Bartleby the Scrivener
How we cite our quotes:
Meanwhile Bartleby sat in his hermitage, oblivious to everything but his own particular business there. (32)
Bartleby is only separated from the office by a screen, yet still he manages to completely shut himself in – this demonstrates his ability to create his own isolated world.
Immediately then the thought came sweeping across me, what miserable friendlessness and loneliness are here revealed. His poverty is great, but his solitude, how horrible! Think of it. Of a Sunday, Wall Street is deserted as Petra, and every night of every day it is an emptiness. This building, too, which of weekdays hums with industry and life, at nightfall echoes with sheer vacancy, and all through Sunday is forlorn. And here Bartleby makes his home, sole spectator of a solitude which he has seen all populous – a sort of innocent and transformed Marius brooding among the ruins of Carthage! (51)

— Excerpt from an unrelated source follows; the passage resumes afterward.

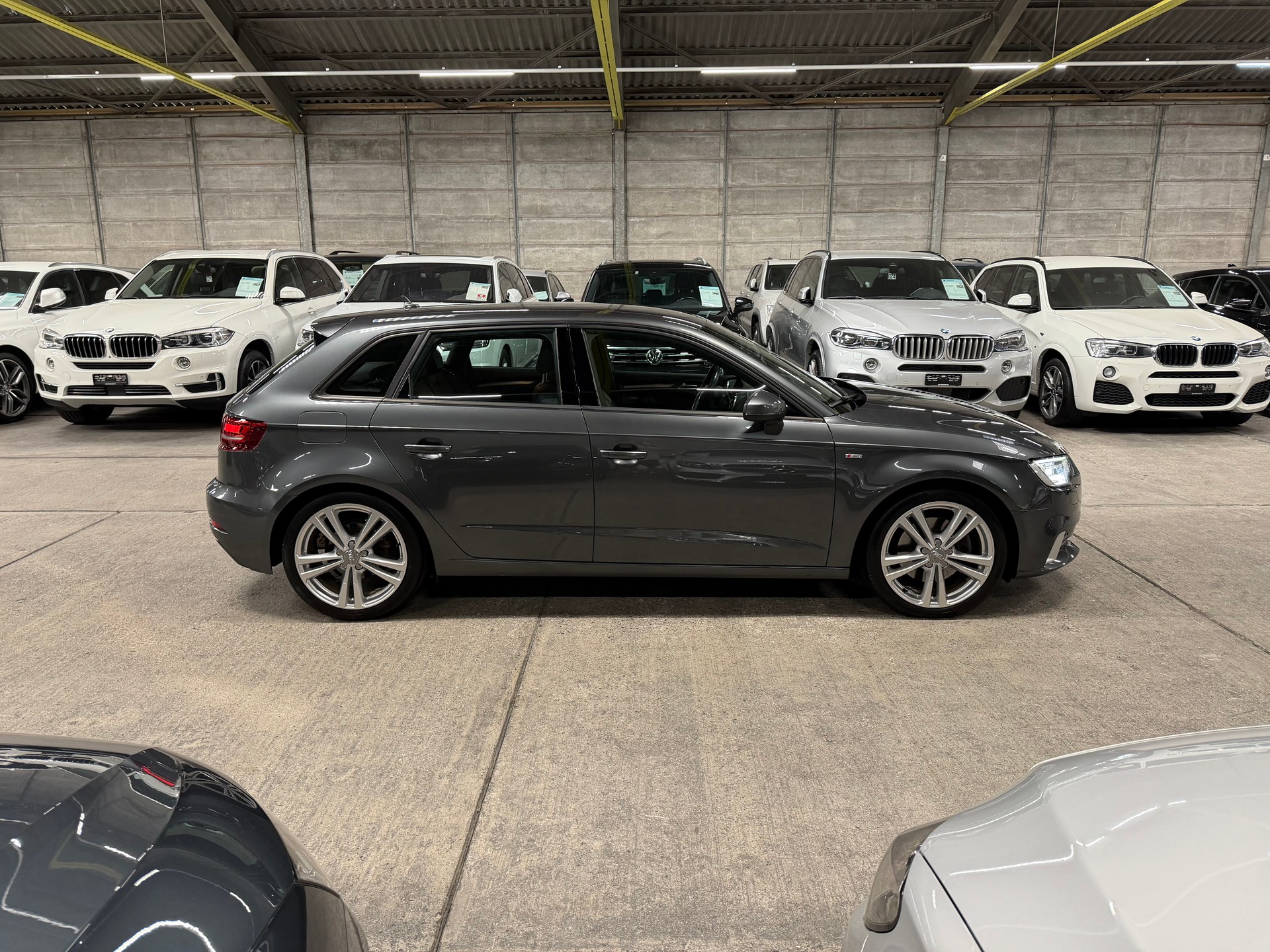 AUDI A3 Sportback 2.0 TDI S-LINE quattro-image-2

Despite the weirdness and wrongness of Bartleby's situation, the Narrator is profoundly moved by its piteousness – he assumes that Bartleby, like most other people, is affected somehow by his lack of human interaction.
The bond of common humanity now drew me irresistibly to gloom. A fraternal melancholy! For both I and Bartleby were sons of Adam. I remembered the bright silks and sparkling faces I had seen that day, in gala trim, swanlike sailing down the Mississippi of Broadway; and I contrasted them with the pallid copyist, and thought to myself, Ah, happiness courts the light, so we deem the world is gay, but misery hides aloof, so we deem that misery there is none. (52)
The Narrator sadly ponders Bartleby's isolation, and keenly observes that since happy people want to be together and miserable ones keep themselves apart, we assume that everyone is happy, which is, as he observes, a pretty faulty logic.